Kıbrıs Türk Öğretmenler Sendikası (KTÖS) Genel Sekreteri Burak Maviş, Kıbrıs'ta kalıcı bir çözüm için müzakerelerin kaldığı yerden yeniden başlaması gerektiğinin altını çizerek, sürece katkı koymaya hazır olduklarını söyledi.
Maviş yaptığı açıklamada, BM Genel Sekreteri Antonio Guterres’in kişisel temsilcisi Maria Holguin'in, adanın her iki tarafına hitap eden mektubuna değinerek, Kıbrıs'taki mevcut statükonun devamının kabul edilemez olduğuna dikkat çekti.
"Adada bir çözüme acilen ihtiyacımız var" diyen Burak Maviş, müzakerelerin aşamalı ve sonuç odaklı bir şekilde gerçekleşmesi gerektiğini de sözlerine ekledi.
Maviş'in açıklaması şöyle:
"BM Genel Sekreteri Antonio Guterres’in kişisel temsilcisi Maria Holguin, adanın her iki tarafına hitap eden mektubunda, Kıbrıs adasının uzlaşmayı ve yeni bir yol bulmayı hakkettiğini ifade ederek Kıbrıs sorununa çözüm bulmak için 'farklı düşünmemiz' gerektiğinin altını çizdi.
KTÖS Yönetim Kurulu olarak, üzerinde mutabık kalınan çerçeveye dayalı olarak ve müzakerelerde elde edilmiş tüm çözüm müktesebatını dikkate alarak yenilenmiş bir sürecin yeniden başlatılması yönündeki çabaları desteklemeye ve Kıbrıs'ta sürdürülebilir bir çözüme katkıda bulunmaya hazır olduğumuzu vurgulamak isteriz.
Bu bağlamda da Kıbrıs Barış Kültürü Merkezi Derneği (CPDC) ve Barış için Kararlılık (Apofasi Irinis) ortak açıklamasını fikirsel olarak desteklediğimizi kamuoyuna duyururuz.
Kıbrıs'ta süregelen statüko kabul edilemez, tehlikeli ve sürdürülemez olup, toplumlarımızda yaşamın her alanını etkileyen derin bir sosyal ve kültürel bölünme yaratmaktadır. Ayrıca ekonomik olanakları olumsuz etkilemekte, eğitim ve kültürel etkileşimin önünde bariyerler oluşturmakta ve en önemlisi de barış, uyum ve refah içinde bir Kıbrıs'a ulaşılmasını engellemektedir.

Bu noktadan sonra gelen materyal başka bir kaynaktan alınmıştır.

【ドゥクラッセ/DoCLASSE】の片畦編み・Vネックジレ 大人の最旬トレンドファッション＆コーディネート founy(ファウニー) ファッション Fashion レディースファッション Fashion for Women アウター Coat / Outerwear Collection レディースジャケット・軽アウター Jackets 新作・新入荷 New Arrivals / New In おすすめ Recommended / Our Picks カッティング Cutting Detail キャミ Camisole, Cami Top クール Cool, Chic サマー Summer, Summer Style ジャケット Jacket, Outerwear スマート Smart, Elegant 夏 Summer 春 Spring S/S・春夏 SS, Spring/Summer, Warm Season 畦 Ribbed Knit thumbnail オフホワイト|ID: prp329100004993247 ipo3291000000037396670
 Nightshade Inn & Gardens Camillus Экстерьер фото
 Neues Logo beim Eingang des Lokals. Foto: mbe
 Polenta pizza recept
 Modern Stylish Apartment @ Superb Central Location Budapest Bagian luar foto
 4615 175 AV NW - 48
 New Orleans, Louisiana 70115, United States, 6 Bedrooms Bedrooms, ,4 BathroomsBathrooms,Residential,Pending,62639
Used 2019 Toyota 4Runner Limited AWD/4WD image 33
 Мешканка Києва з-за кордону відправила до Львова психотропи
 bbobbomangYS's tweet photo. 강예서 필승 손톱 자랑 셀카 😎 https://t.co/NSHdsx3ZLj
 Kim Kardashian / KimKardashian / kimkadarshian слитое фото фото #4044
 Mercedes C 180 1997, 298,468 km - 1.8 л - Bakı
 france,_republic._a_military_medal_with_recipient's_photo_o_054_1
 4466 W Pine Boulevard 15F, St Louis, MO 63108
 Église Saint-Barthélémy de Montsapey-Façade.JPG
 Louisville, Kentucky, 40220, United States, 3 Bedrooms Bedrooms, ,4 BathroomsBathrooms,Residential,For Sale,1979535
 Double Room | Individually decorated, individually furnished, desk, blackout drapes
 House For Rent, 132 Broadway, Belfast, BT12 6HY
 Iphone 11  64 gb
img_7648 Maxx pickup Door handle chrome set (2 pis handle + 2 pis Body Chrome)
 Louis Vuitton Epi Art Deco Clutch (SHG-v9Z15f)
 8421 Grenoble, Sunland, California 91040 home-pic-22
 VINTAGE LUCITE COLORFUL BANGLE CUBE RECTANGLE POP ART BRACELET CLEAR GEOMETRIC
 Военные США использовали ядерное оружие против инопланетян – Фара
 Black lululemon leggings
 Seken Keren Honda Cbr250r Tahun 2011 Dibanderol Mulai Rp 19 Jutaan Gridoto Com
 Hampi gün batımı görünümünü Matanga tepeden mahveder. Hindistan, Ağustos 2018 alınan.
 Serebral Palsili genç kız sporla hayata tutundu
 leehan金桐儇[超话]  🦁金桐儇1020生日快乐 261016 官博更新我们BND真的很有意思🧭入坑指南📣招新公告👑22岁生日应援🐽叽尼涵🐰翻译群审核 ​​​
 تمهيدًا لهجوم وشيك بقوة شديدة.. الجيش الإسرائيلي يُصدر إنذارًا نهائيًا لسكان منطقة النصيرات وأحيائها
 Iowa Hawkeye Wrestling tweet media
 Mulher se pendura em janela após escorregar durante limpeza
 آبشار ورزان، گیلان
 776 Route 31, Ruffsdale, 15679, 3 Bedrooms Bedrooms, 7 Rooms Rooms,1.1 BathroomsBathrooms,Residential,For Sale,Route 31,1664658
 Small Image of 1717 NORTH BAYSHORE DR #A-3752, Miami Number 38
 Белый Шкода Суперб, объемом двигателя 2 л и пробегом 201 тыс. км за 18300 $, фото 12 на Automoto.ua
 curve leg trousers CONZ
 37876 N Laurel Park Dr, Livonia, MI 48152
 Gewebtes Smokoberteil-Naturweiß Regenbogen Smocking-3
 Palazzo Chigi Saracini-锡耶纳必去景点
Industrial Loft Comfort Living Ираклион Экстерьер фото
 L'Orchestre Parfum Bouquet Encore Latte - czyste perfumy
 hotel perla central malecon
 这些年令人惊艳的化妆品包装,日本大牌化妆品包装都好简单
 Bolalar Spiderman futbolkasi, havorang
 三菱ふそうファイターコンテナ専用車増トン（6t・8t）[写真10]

Adada bir çözüme acilen ihtiyacımız vardır. Statükonun devamı, her iki toplumda da Kıbrıslıların kayda değer yeteneklerini kullanmalarını, ortak yönetim ve işbirliği yoluyla gerçek potansiyellerine ulaşmalarını ve önlerindeki küresel zorluklara ve risklere karşı daha etkili bir şekilde yanıt vermelerini zorlaştırmaktadır.
Ancak bu sefer farklı bir yol izlenmelidir: Müzakereler aşamalı, anlamlı ve sonuç odaklı olacak şekilde yeniden başlamalı, olası çıkmazların çözümü için taraflarca üzerinde mutabık kalınan bir mekanizma olmalı ve bu şekilde her iki toplumun ayrı ayrı ve eşzamanlı referandumlarda onayına sunulacak kapsamlı bir çözüm anlaşmasına varılmalıdır. Statüko kabul edilemez ve sürdürülemez olduğundan, statükonun devamı olası sonuçlar arasında yer almamalıdır."